Another photo taken at the Safari World site near Bangkok shows three orangutans in bikini tops, mini skirts and summer dresses forced to perform a show for tourists.
Even more sinister is a filthy dog-drowning dungeon in Cambodia, where a monkey can be seen sitting above the grimy waters of the ‘drowning pit’ as three canines sit squashed into a cage nearby.
The dogs are killed for the dog meat trade, with another shocking image showing decapitated heads and dismembered paws in a bloody bucket.
THAILAND: A forlorn orangutan in boxing gloves and shorts sits huddled at the side of a boxing ring at a safari outside Bangkok
THAILAND: Three orangutans in bikini tops, mini skirts and summer dresses are forced to perform a show for tourists at Safari World
CAMBODIA: A filthy dog-drowning dungeon in Cambodia, where a monkey can be seen sitting above the grimy waters of the ‘drowning pit’ as three canines sit squashed into a cage nearby
CAMBODIA: Decapitated heads and dismembered paws of dogs in a bloody bucket. The animals were killed for the dog meat trade
The photos are just some of the heartbreaking images collected in a new book by British photographer Aaron Gekoski.
Animosity: Human-Animal Conflict in the 21st Century is the product of 13-years’ worth of travels by the environmental photojournalist who has captured images from all around the world, from Mozambique’s shark fishing industry, to snake hunters in the U.S.
Gekoski described the photographs in the book as being ‘from the frontline of conservation,’ saying trained as a wildlife ranger in Borneo, worked undercover to expose Namibia’s annual seal cull and investigated the new craze for exotic pets while putting the book together.
INDONESIA: A sun bear performs at a travelling dolphin show in Bogor. The bear was given incentives and fed treats throughout, for some animals used in shows, this will be the only time they eat
INDONESIA: A python with its mouth taped shut is used as a prop for selfies with tourists in Bali
INDONESIA: A wet market with civets, bats, monkeys, cats, puppies, birds, reptiles and more crammed into small cages in Jatinegara
‘These stories provide a snapshot of human-animal conflict in today’s ever-changing world where complex and multifaceted issues often lead to more questions than answers.

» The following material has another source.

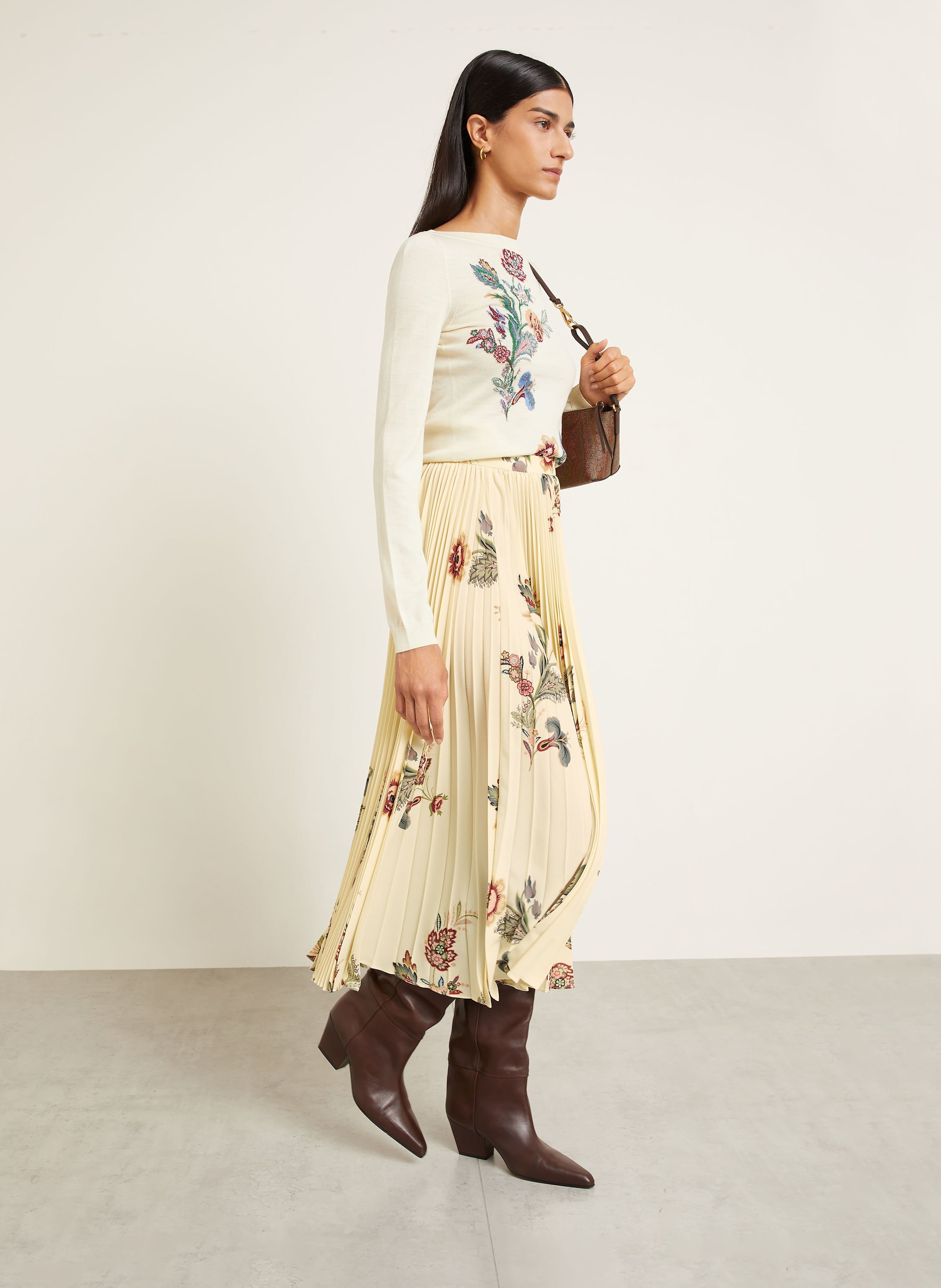 Thumbnail - Etro Plisseerock beige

‘Would you fin a shark to support your family? Is killing and eating dogs any worse than chickens? Why does one animal make a suitable pet and not another?
‘I look at these photographs as modern-day fossils – a permanent reminder of a planet in flux and a record of what may soon be lost forever,’ he said.
Several images show circus animals in Asia and Europe, including an elephant performing in Germany and a group of lions caged in a lorry in the Czech Republic.
Another shows a sun bear forced to perform at a travelling dolphin show in Indonesia. The bear received incentives and treats throughout the show. For some animals in such shows, this will be the only time they eat.
USA: Snake hunter Dusty Crum catching a Burmese python in the Florida Everglades. The snakes were thought to have been released by exotic pet owners when they grew too big. Their increasing number is causing ecological damage and threatens to eradicate small mammal species
GERMANY: An elephant greets the crowd at a Elefantanhof-Platschow, Germany, a popular tourist attraction where visitors can ride elephants and watch them perform in circus shows
CZECH REPUBLIC: Circus lions are kept in small, dirty cages for transport all around the country
VIETNAM: Macaques on bicycles perform in a show at the Dam Sen Amusement Park in Vietnam
Another shows a vendor next to a table full of baboon and hornbill heads at a voodoo market in Benin. The young man tending the stall is holding the skull of a dog, which is painted to look like a leopard.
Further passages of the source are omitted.